Unary Iteration

David Wierichs

Compilation/
Unary Iteration

Unary Iteration

Here we detail the construction of a unary iterator by building it up from three pieces: computing AND operations of a collection of control qubits using auxiliary qubits, cancelling neighbouring operations between repeated computations of AND between similar control values to effectively create a cache, and a cheaper decomposition for qml.TemporaryAND, or elbow, gates.
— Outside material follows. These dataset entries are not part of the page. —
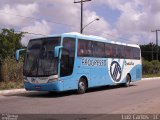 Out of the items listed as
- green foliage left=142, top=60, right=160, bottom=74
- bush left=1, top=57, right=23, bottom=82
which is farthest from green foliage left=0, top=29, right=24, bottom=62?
green foliage left=142, top=60, right=160, bottom=74

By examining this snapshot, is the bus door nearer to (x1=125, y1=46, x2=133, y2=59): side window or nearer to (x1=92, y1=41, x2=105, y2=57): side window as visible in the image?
(x1=92, y1=41, x2=105, y2=57): side window

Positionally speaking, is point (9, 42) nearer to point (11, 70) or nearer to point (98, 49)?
point (11, 70)

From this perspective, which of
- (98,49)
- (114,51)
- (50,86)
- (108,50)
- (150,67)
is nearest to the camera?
(50,86)

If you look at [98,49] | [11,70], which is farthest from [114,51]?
[11,70]

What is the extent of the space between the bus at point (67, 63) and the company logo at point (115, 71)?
1.62 feet

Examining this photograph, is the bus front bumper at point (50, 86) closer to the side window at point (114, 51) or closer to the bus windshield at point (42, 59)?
the bus windshield at point (42, 59)

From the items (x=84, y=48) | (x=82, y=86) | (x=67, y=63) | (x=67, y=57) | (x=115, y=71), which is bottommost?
(x=82, y=86)

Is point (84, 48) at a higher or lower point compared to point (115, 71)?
higher

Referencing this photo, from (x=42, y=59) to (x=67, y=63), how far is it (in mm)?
1319

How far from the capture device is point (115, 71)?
2667cm

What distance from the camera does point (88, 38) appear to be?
22.8 m

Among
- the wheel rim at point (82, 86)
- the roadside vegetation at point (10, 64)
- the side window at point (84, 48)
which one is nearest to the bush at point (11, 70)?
the roadside vegetation at point (10, 64)

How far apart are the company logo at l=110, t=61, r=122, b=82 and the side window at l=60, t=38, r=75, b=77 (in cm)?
548

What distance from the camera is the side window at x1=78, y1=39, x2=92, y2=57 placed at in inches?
860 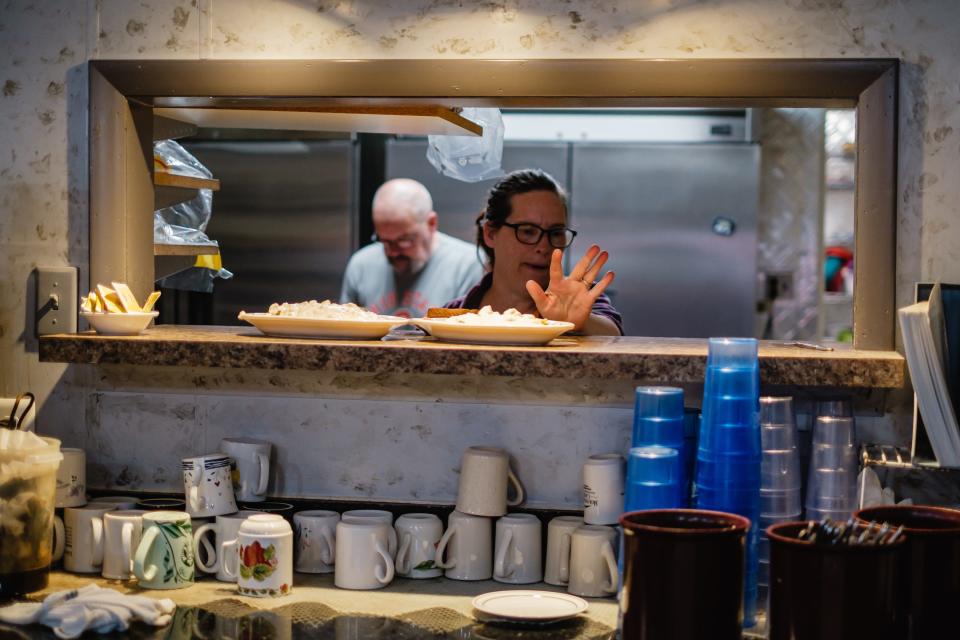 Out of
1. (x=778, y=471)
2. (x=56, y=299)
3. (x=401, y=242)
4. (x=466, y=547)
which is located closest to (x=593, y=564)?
(x=466, y=547)

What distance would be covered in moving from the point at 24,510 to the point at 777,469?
3.88 feet

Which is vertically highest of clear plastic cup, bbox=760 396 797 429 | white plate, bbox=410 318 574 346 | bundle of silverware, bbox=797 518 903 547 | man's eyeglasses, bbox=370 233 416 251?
man's eyeglasses, bbox=370 233 416 251

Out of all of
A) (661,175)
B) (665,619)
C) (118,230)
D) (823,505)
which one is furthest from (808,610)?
(661,175)

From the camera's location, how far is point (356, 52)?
2.01 meters

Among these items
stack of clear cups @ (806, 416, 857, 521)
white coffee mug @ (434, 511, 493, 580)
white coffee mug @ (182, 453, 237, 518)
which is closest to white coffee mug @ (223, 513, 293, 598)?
white coffee mug @ (182, 453, 237, 518)

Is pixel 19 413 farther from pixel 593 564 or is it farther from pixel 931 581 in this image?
pixel 931 581

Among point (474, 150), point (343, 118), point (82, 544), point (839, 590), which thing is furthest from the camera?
point (474, 150)

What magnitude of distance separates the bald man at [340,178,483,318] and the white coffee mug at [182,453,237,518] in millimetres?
Answer: 2066

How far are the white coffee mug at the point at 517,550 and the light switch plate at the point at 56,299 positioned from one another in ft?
2.94

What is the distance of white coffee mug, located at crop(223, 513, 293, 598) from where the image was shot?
1799 millimetres

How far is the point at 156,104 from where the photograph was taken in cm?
212

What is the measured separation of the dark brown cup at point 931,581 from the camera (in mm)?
1439

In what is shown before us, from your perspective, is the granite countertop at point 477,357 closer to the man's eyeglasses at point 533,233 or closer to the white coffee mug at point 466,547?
the white coffee mug at point 466,547

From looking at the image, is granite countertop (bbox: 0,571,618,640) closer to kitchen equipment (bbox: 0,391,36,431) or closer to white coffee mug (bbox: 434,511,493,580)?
white coffee mug (bbox: 434,511,493,580) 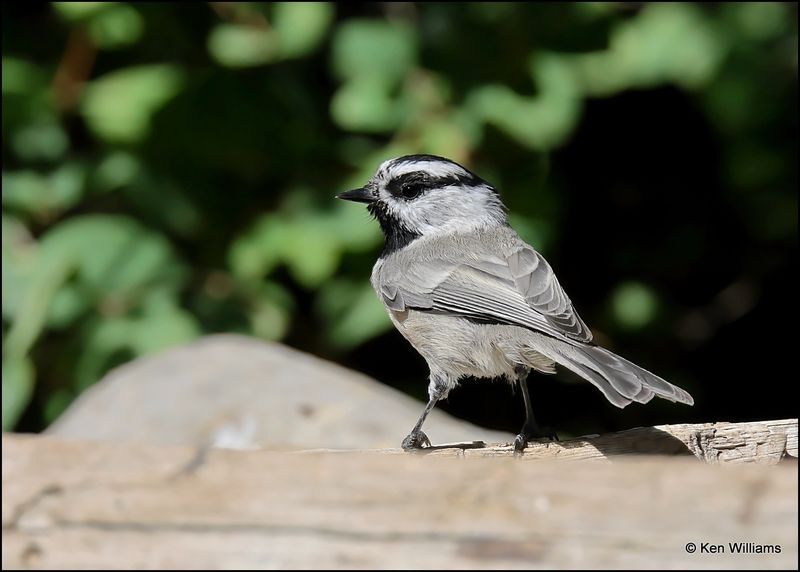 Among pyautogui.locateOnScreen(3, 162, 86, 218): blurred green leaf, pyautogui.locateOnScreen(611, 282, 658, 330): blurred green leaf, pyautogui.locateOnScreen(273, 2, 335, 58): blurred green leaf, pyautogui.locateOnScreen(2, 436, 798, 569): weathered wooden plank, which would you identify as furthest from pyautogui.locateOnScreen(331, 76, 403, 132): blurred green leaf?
pyautogui.locateOnScreen(2, 436, 798, 569): weathered wooden plank

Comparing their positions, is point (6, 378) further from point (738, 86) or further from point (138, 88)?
point (738, 86)

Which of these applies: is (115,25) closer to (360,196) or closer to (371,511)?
(360,196)

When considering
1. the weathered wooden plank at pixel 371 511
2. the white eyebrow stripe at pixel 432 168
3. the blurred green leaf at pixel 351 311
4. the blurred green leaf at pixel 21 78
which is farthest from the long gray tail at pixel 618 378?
the blurred green leaf at pixel 21 78

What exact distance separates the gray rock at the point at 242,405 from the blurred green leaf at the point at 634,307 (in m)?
1.24

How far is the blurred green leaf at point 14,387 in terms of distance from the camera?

Compute AND values of controls on auxiliary qubits

The first step towards constructing the unary iterator is to compute AND between multiple control qubits reversibly, storing the output on auxiliary qubits. For this, we can start by computing AND between the first two control qubits, say ["c_0", "c_1"], and storing the result on a first zeroed auxiliary qubit, say "aux_0". This can be done using a qml.Toffoli gate:

  c_0: ─╭●─┤
  c_1: ─├●─┤
aux_0: ─╰X─┤.

We can check that the auxiliary qubit now stores a 1 exactly if both control qubits were in state $|1\rangle$ , as required for an AND gate.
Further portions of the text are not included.